The area of study has a high level of Barchan dune movement; which varies from 20 to 100 m/year, and exhibits strong correlation with effective winds, dune size, ground length of the windward side and mean slope angle of the windward side [14-38]. Analysis of the wind data at the Kharga station indicated that about 95% of the effective wind is coming from the north direction at speed of 20 km/hr which actively moves the smaller dunes at faster rate than the larger ones. This is due to the sand mass transported decreases, as the dune gets smaller. Indeed, the land use and cover are playing a major role in such movements where the vegetation cover minimizes the movements and stabilizes the sand dunes [34].

In this research, remotely sensed data as a source of information and GIS techniques were used to trace the dune morphology and determine the sand dune movements in integrated manner to provide a baseline for operational system for sand dune hazard in the area of study.

2. Study Area

Toshka depression area is located in the south Western Desert of Egypt, at about 250 km southwest of Aswan city, between latitudes 22˚30'N - 23˚45'N and longitudes 30˚0'E - 31˚30'E (Figure 1). The Toshka depression is bounded by Sinn EL-Kaddab plateau from the north, which is capped by Paleocene and Eocene limestone and chalk. It is hosting two aeolian features of great importance as a source of dune in the area.
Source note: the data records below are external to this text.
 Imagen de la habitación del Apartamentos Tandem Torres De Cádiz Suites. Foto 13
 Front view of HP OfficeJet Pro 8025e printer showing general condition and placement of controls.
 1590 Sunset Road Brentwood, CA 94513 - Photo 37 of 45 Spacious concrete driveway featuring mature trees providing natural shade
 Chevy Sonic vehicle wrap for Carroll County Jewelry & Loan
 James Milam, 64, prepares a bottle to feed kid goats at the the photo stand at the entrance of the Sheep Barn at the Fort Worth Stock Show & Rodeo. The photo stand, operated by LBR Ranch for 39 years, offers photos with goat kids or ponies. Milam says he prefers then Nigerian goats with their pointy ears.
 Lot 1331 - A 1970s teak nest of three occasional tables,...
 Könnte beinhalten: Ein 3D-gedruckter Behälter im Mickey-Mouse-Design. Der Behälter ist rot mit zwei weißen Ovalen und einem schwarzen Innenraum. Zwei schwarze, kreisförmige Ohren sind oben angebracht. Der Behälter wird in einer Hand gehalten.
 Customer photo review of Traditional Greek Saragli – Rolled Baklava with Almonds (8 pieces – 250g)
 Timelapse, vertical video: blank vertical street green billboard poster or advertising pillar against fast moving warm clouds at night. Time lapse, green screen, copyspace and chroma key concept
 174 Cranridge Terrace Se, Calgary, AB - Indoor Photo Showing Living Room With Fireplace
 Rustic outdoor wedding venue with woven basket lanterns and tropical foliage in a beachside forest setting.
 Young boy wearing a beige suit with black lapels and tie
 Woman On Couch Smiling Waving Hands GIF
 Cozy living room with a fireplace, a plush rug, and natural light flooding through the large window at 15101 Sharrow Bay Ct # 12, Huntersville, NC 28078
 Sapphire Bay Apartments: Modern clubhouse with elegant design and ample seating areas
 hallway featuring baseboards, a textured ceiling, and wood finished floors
The area is nearly flat in the eastern side with altitude of 90 meter above sea level (ASL), which inspired the Egyptian government for reclamation and development of this area. It was planned to utilize the excess water of Lake Nasser (above 178 m ASL) via spillway through a main irrigation canal (Sheikh Zayed Canal) for agricultural development [35]. It is, however, dominated by the presence of numerous moving dunes organized by several groups that has major threat on such developmental plans. This includes an extensive belt of Barchan-type sand dunes which crosses the western part of the Toshka depression in a North-South direction. This is together with the huge longitudinal dune belt, which enters Toshka area from the North. The second feature is the small sand dues area which lies on the plateau surface and extend south to Toshka area. The climatic conditions of the region play an important role in shaping the landscape and the ecology of Toshka area. It is a typical of hyper-arid with rare rainfall and high temperature most of the year with an average air temperature of 33˚C in summer and 16˚C in winter. Wind speed and direction is the driving force of sand dune movements is this area, which is windy most of the year with average wind speed 6 m∙sec−1.

3. Materials and Methods

Two dates of satellite images were used in this study, which are Landsat Thematic Mapper dated 2000 and Spot Image dated 2006. Complementary data of geological maps and topographic maps at scale 1:100,000 were used to generate other thematic layers. The satellite images were geometrically corrected to the Universal Transverse Mercator (UTM) projection system (zone 36). They also radiometrically corrected to remove the effect of aerosols from the atmosphere for further analysis. Enhancement techniques were applied including band-combination and band-rationing for visual interpretation and identification of the sand dune.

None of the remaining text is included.